Asset-based sales charge: An “asset-based” sales charge is paid over time out of the fund's assets – in other words, out of the fund itself – rather than out of each individual investor's account. Existing rules also limit asset-based sales charges. The current limit on the rate is 0.75% per year, but there is no limit on how long a fund can pay these charges if it continues to make significant new sales to investors. As a result, shareholders may pay asset-based charges through the fund for as long as they own the fund.
- The proposal would limit the amount of asset-based sales charges that individual investors pay. In particular, the proposal would restrict these “ongoing sales charges” to the highest fee charged by the fund for shares that have no ongoing sales charge. For example, if one class of the fund charges a 4 percent front-end sales charge, another class could not charge more than 4 percent in total to investors over time. The fund would keep track of how long investors have been paying ongoing sales charges.

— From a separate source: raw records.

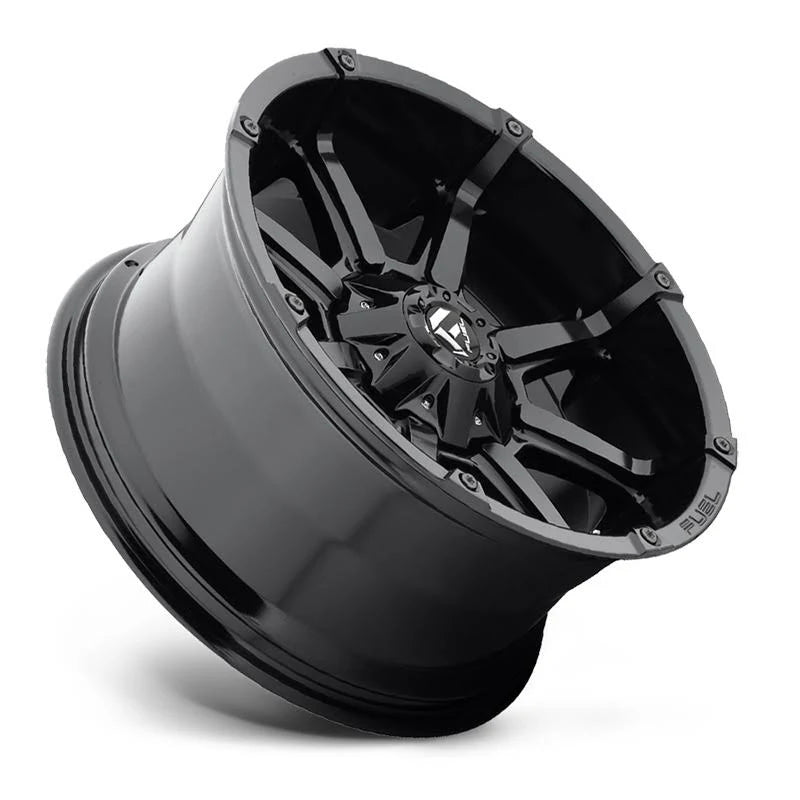 Gloss Black 20x10 Wheel M7111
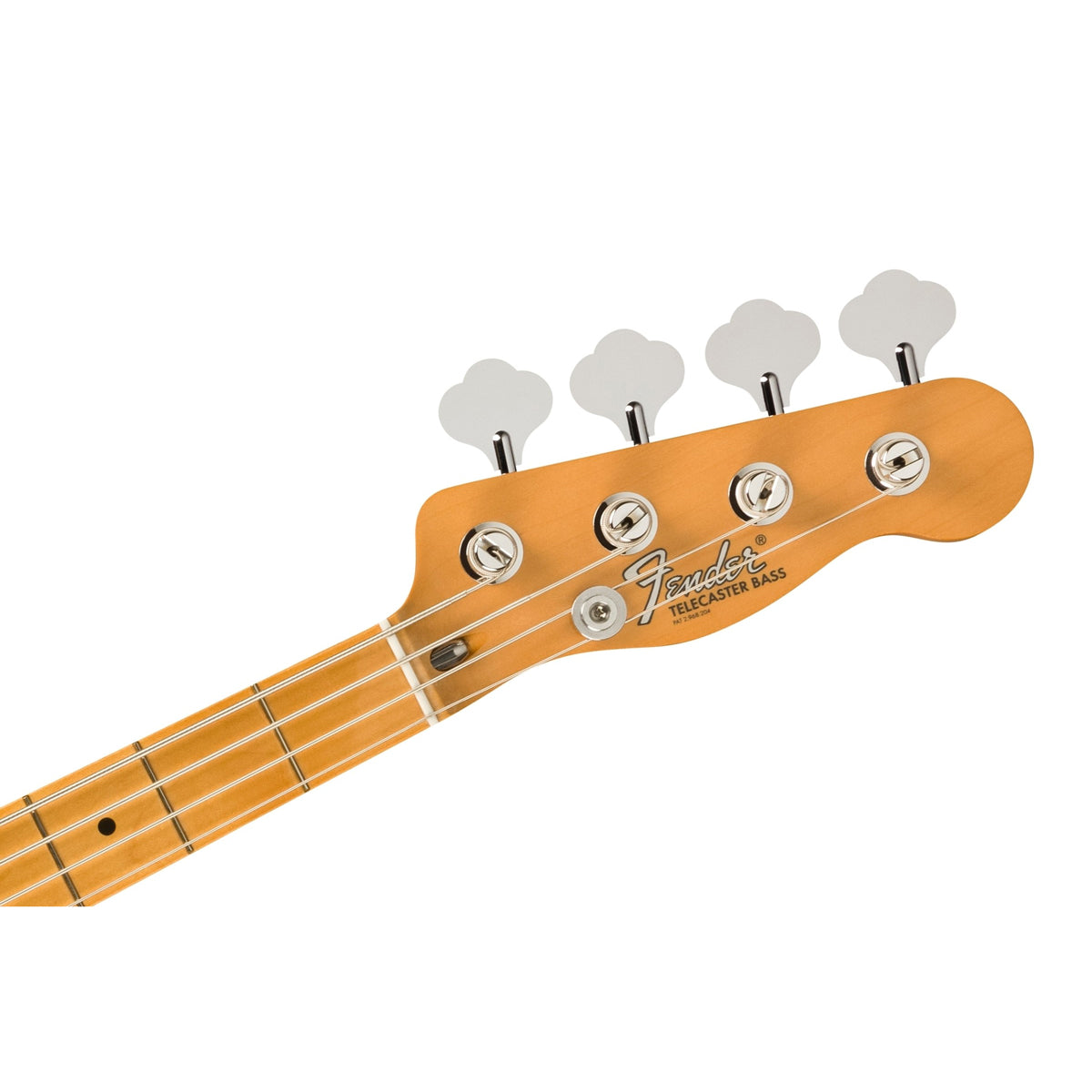Đàn Guitar Điện Fender Vintera 70s Telecaster Bass, Maple Fingerboard, Vintage White, #0149252341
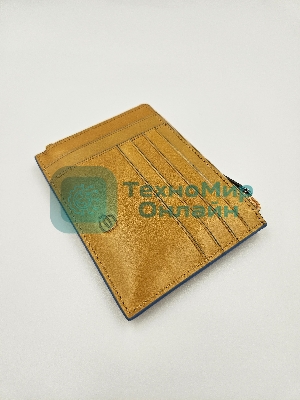 Картхолдер Piquadro Blue Square PU1243B2R/G шафрановый, натуральная кожа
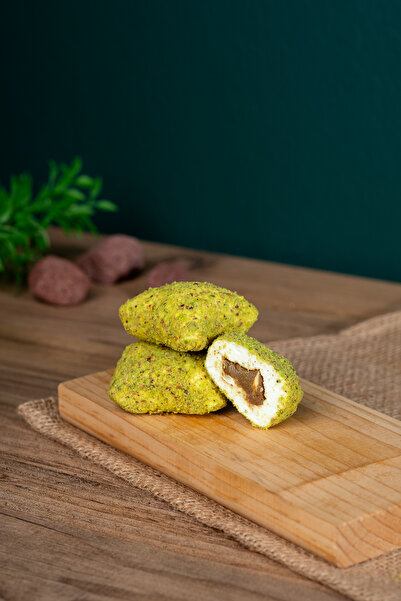 gaziantepli bereket ana baklava & yöresel حلوى اللوكوم الأنتيبية (500 جرام)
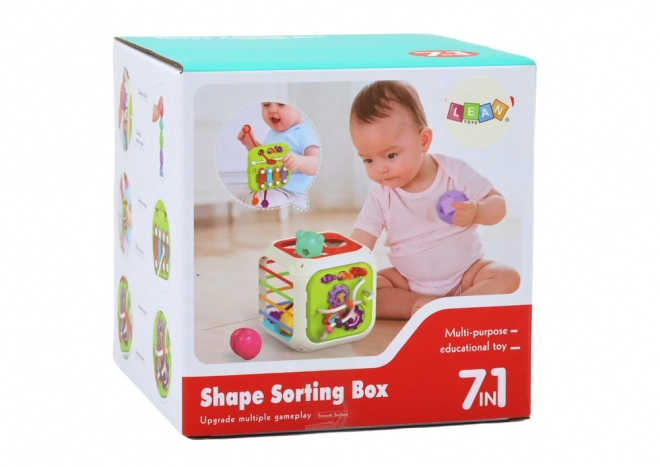 Cube éducatif pour bébés 7 en 1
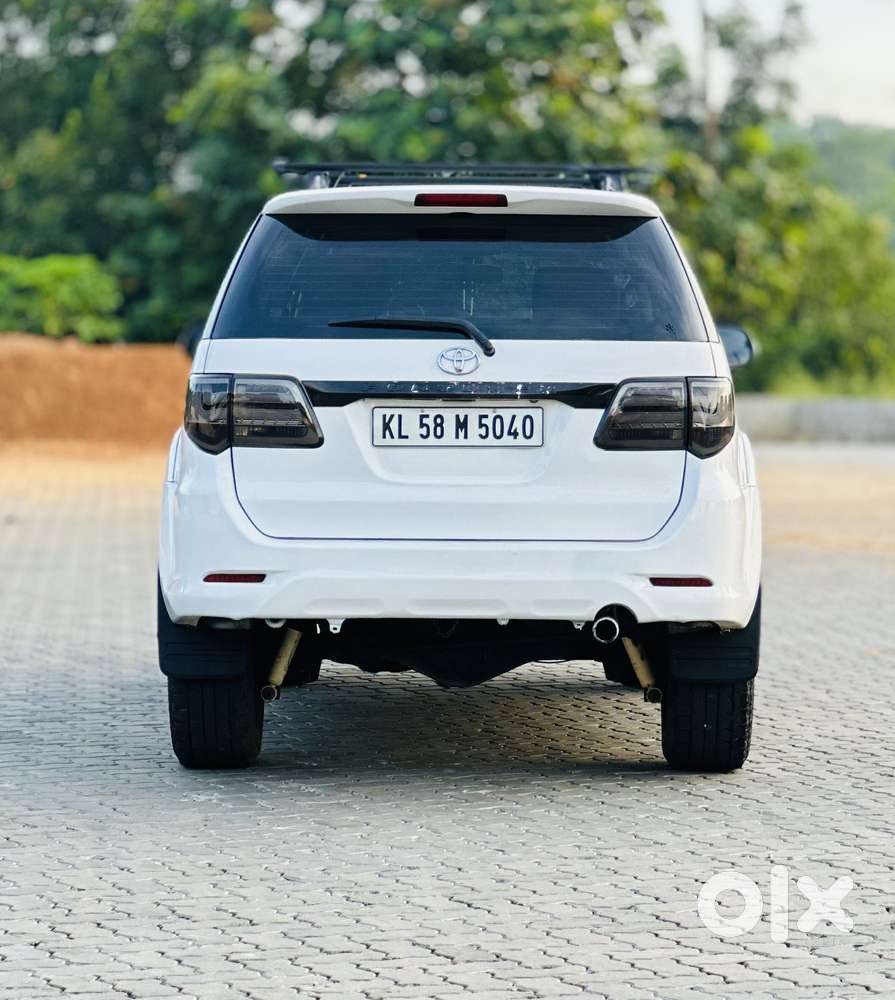 Toyota Fortuner 3.0 4x2 Automatic, 2014, Diesel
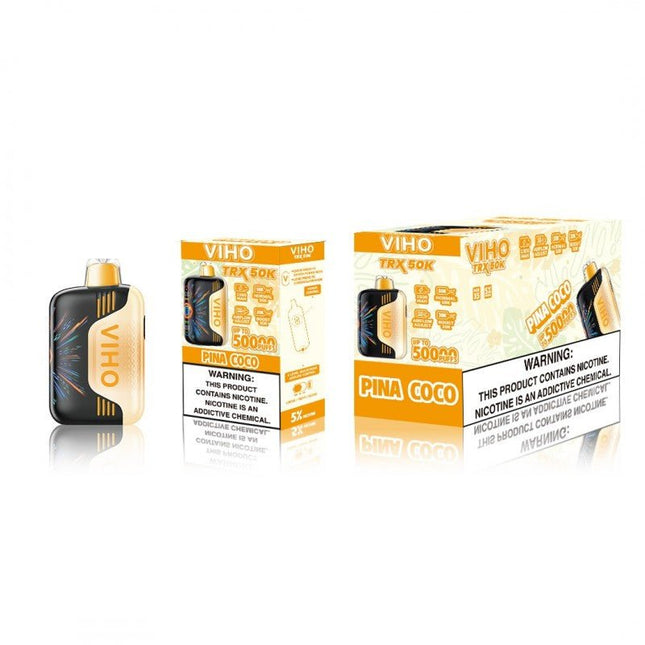 Viho TRX 50k Disposable Pina Coco - Virginia Vapes & Tobacco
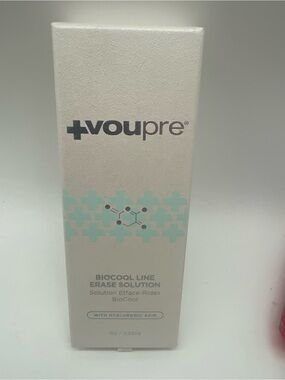 Voupure Biocool Line Erase Solution Cream – White/Light Aqua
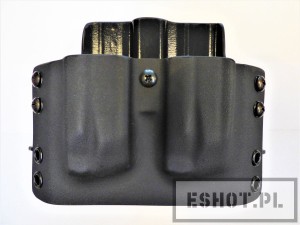 Ładownica podwójna do S&W MP9 2.0, RH Holsters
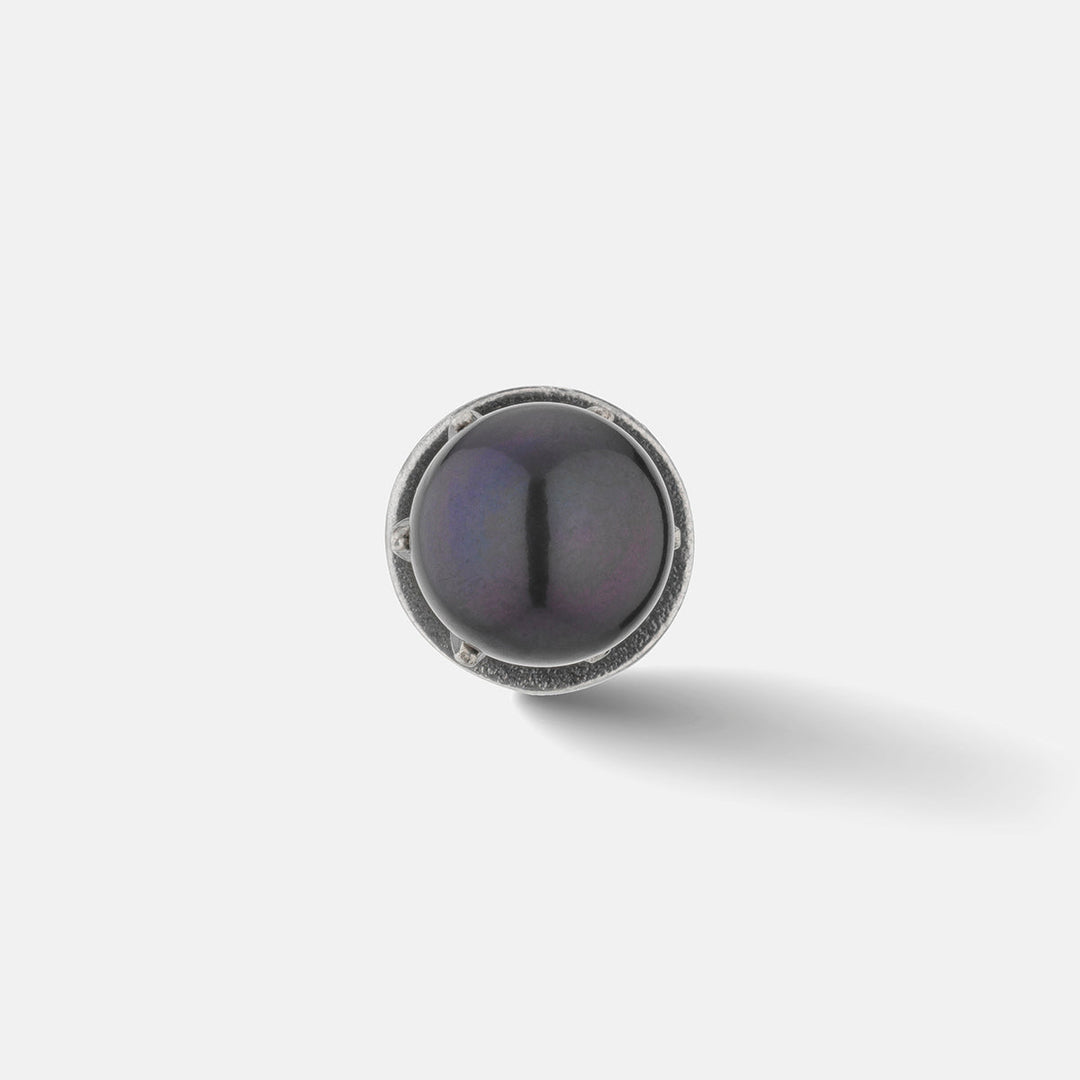CALYX GEMSTONE STUD EARRING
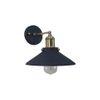 Nora Black Metal Wall Light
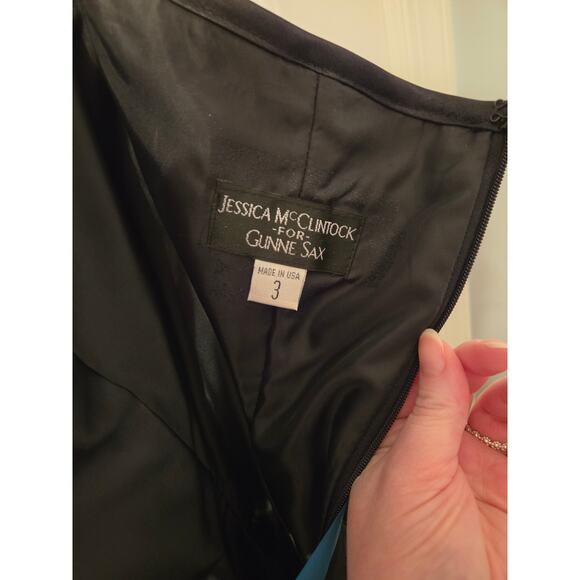 Rare Gunne Sax by Jessica McClintock Sz 3 - Picture 2 of 13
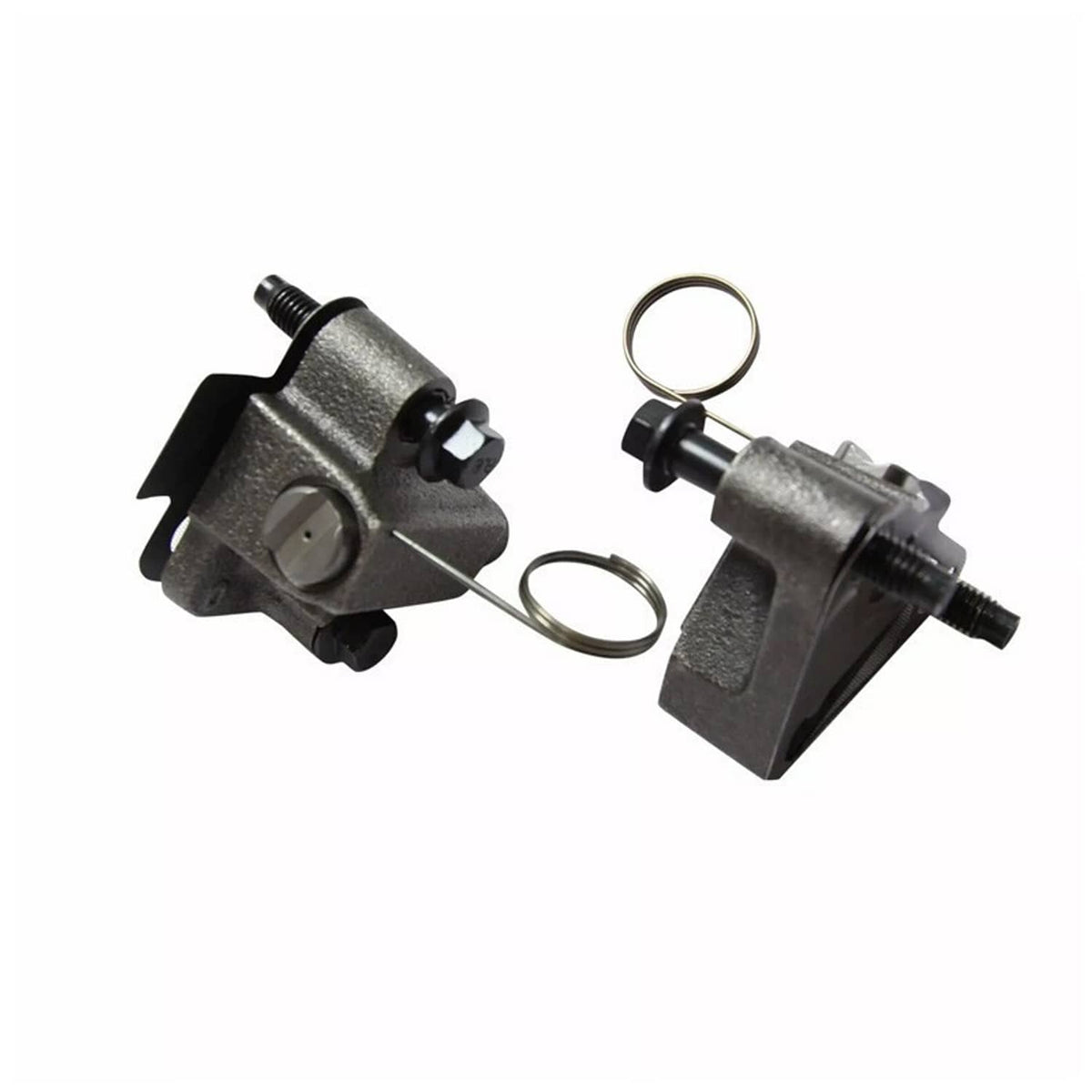 Solidspare Timing Chain Kit Oil Pump Water Pump VTC Solenoid For 07-16 Cadillac Suzuki 3.6L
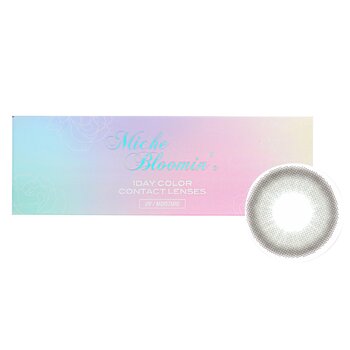 Iris Glow 1 Day Color Contact Lenses (506 Opal Gray) - - 2.00 (10pcs) 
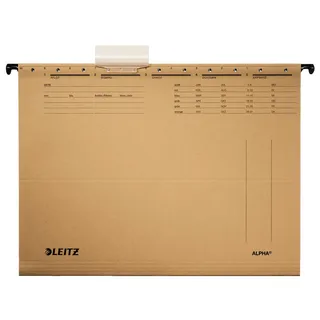 Leitz Hängemappe A4 naturbraun 250g/qm, 1 Stück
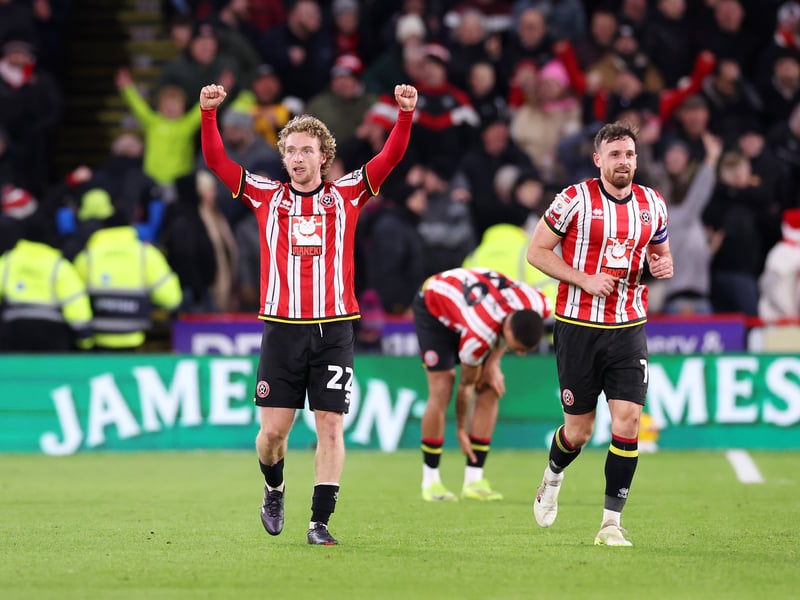 The former Everton man is expected to be a big miss for Wilder after picking up a calf issue in training prior to the international break. The midfielder is set to miss at least the next four Championship matches for the Blades.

Separately, funds could continue to pay 0.25 percent per year out of their assets for distribution as “marketing and service” fees, for expenses such as advertising, sales compensation and services.
Improve Transparency of Fees for Investors
Enhance Disclosure Requirements: Currently fund distribution costs are not well understood by investors, in part because these costs are often referred to obscurely as “12b-1 fees.” In addition, fund transaction confirmation statements delivered to investors typically do not include sales charges.
- The proposal would require the fund to identify and more clearly disclose distribution fees. In particular, the fund would have to disclose any “ongoing sales charges” and any “marketing and service fees” in the fund's prospectus, shareholder reports and investor transaction confirmations. Transaction confirmations also would have to describe the total sales charge rate that an investor will have to pay.
Encourage Retail Price Competition
Allow Funds to Sell Shares Through Broker-Dealers Who Establish Their Own Sales Charges: Currently all broker-dealers who sell shares in a fund shares must sell those shares under terms established by the fund and disclosed in its prospectus. This means that dealers cannot compete with each other by reducing sales charges.
- The proposal would enable funds to sell shares through broker-dealers who determine their own sales compensation, subject to competition in the marketplace. As a result, broker-dealers could establish their own sales charges, tailor them to different levels of shareholder service, and charge shareholders directly, similar to how commissions are charged on securities such as common stock.
- The proposal would prevent funds that rely on this exemption from deducting other sales charges from fund assets for that class of shares. This restriction would prevent double-charging.
Revise Fund Director Oversight Duties
Revise Director Duties to Reflect Current Market Practices: Currently, before using fund assets to pay for fund distribution expenses, a fund must adopt a written plan describing the arrangement. The fund's board of directors must initially approve and annually re approve the plan. But the economic realities of long-term distribution arrangements often mean that fund distribution plans are re-approved year after year, with no change.
- The proposed amendments, which would set automatic limits on fund fees and charges, would eliminate the need for fund directors to explicitly approve and re-approve fund distribution financing plans. As a result, fund directors would have more time to devote to other important matters.
Directors would still have responsibility for overseeing ongoing sales charges and marketing and service fees in the same manner that they oversee other fund expenses, subject to their general fiduciary duties.